▸ **Goal of the exercise**
Pictures stay out of the copy. Transcribe exactly the lines from the line with "24 HARNEST HILLS, Great Cacapon, WV 25422" through the final line of the records.

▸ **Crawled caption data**
-.-.-

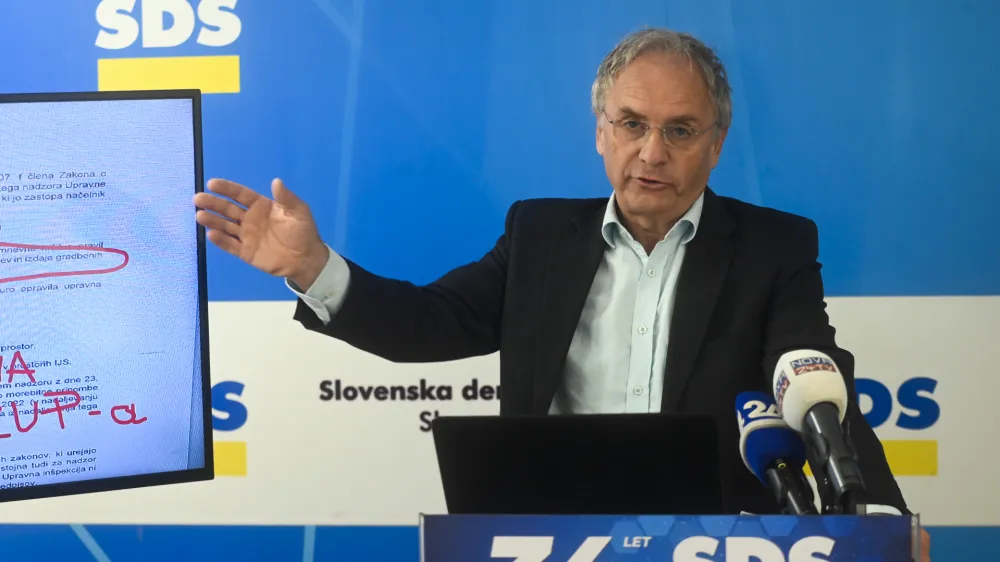 Aleš Hojs, predsednik mestnega odbora SDS Ljubljana in podpredsednik stranke SDS<br><br> <br><br>- 15.03.2023 – Sedež stranke SDS na Trstenjakovi ulici 8 v Ljubljani - novinarska konferenca predsednika mestnega odbora SDS Ljubljane in podpredsednika stranke SDS Aleša Hojsa z naslovom:"Kanal C0 in Jankovićeve laži."<br><br> <br><br>//FOTO: Nik Erik Neubauer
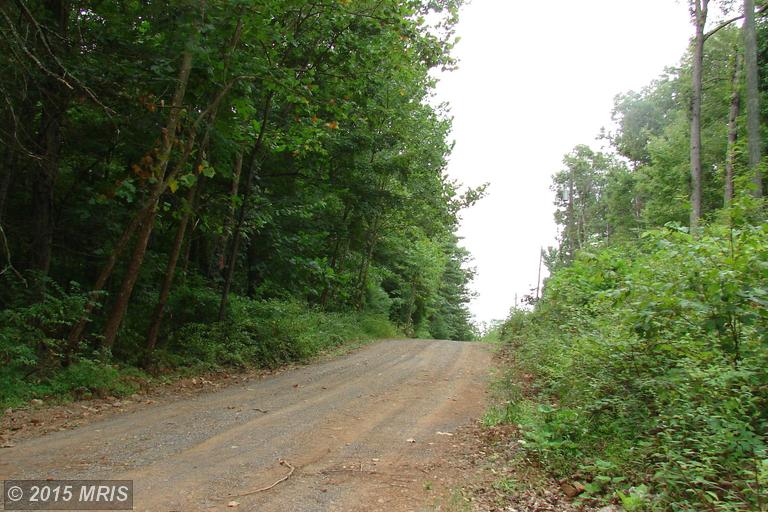 24 HARNEST HILLS, Great Cacapon, WV 25422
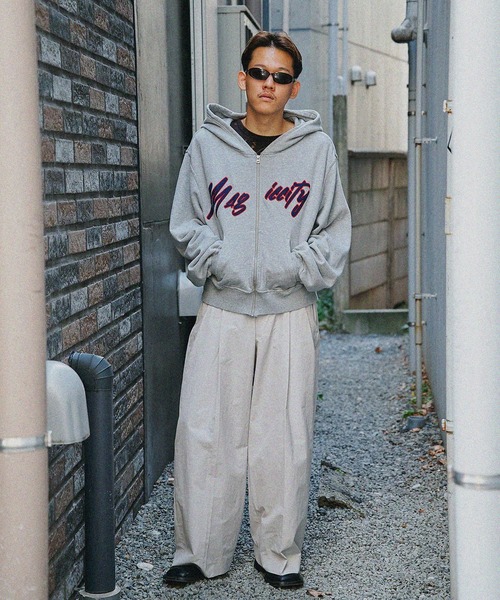 Jieda（ジエダ）の「別注 MAGIC CITY ZIP PARKA（パーカー・メンズ・グレー/ブラック・1/2）」の18枚目の写真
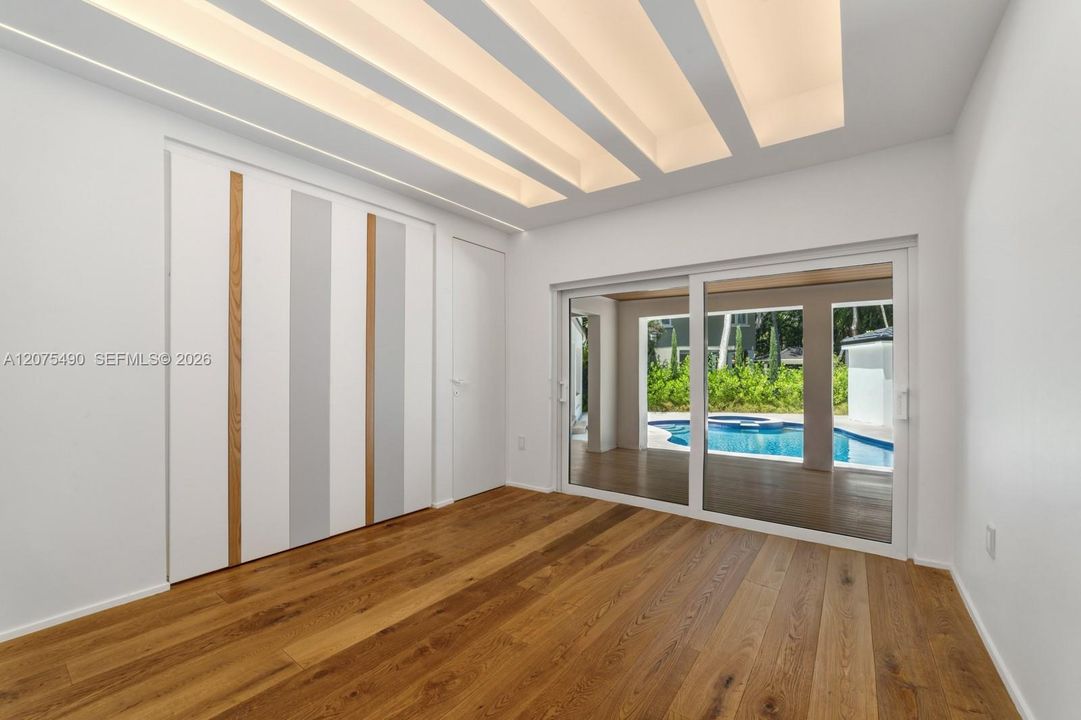 En Venta: $7,200,000 (5 camas, 5 baños, 3167 Pies cuadrados)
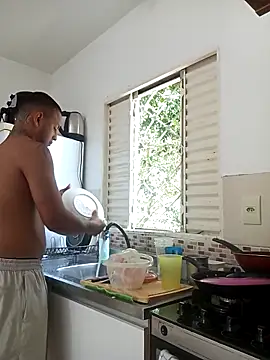 emrehliug12 online show from 02-09-26, 03:10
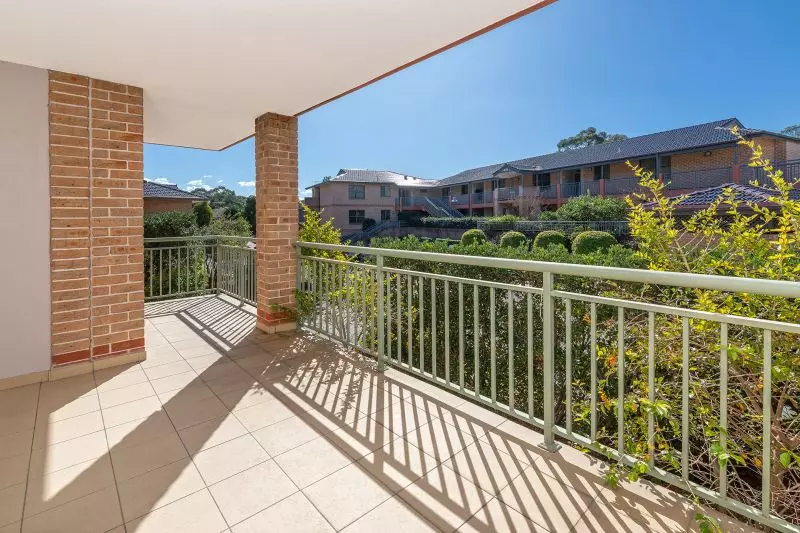 Retirement bliss! North-facing, fully renovated unit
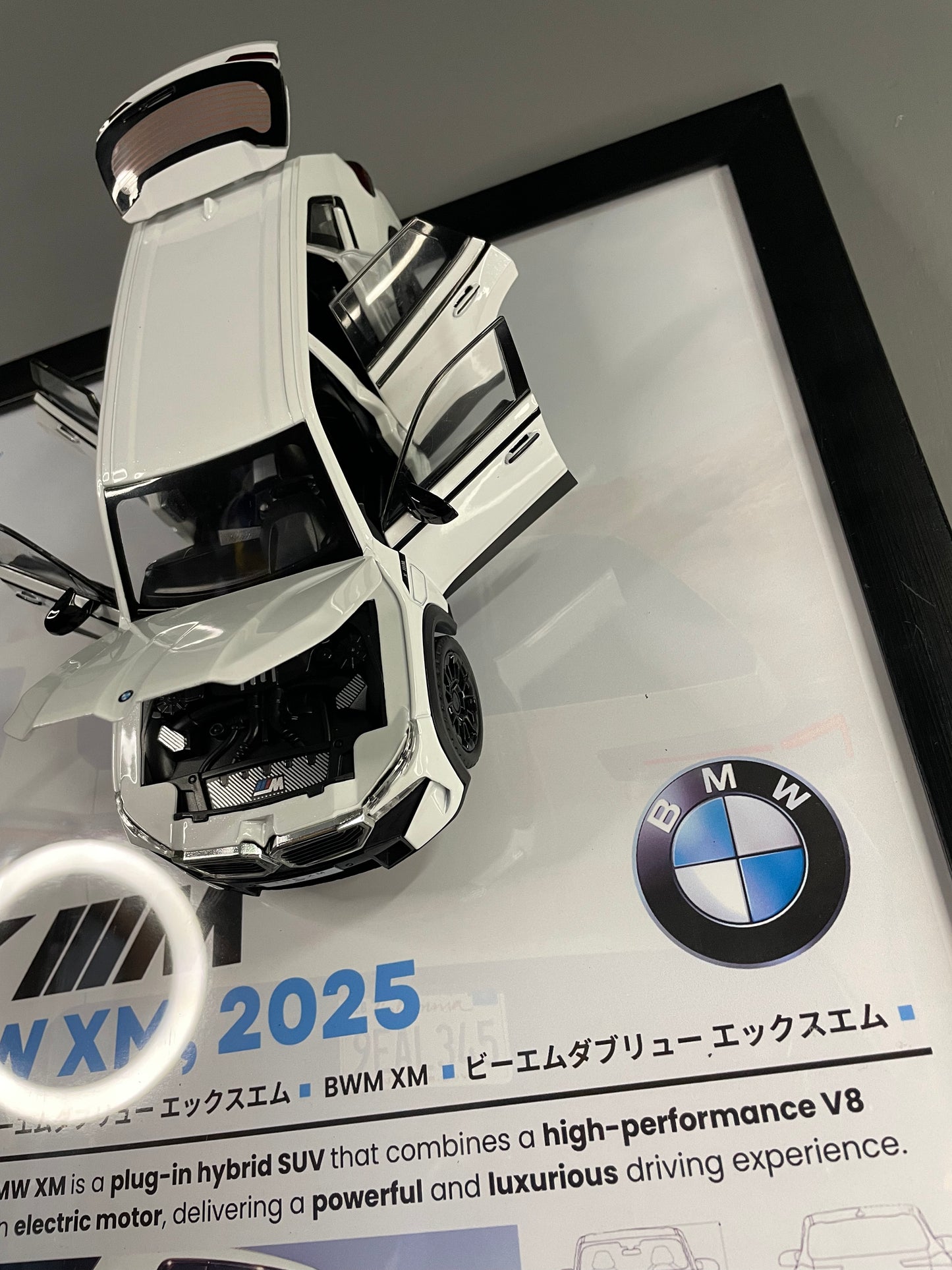 BMW XM | Car Scale 1:24 | 3D Diecast Frame | Cars Wall Art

-.-.-

▸ **Response to the exercise**
 24 HARNEST HILLS, Great Cacapon, WV 25422
 Jieda（ジエダ）の「別注 MAGIC CITY ZIP PARKA（パーカー・メンズ・グレー/ブラック・1/2）」の18枚目の写真
 En Venta: $7,200,000 (5 camas, 5 baños, 3167 Pies cuadrados)
 emrehliug12 online show from 02-09-26, 03:10
 Retirement bliss! North-facing, fully renovated unit
 BMW XM | Car Scale 1:24 | 3D Diecast Frame | Cars Wall Art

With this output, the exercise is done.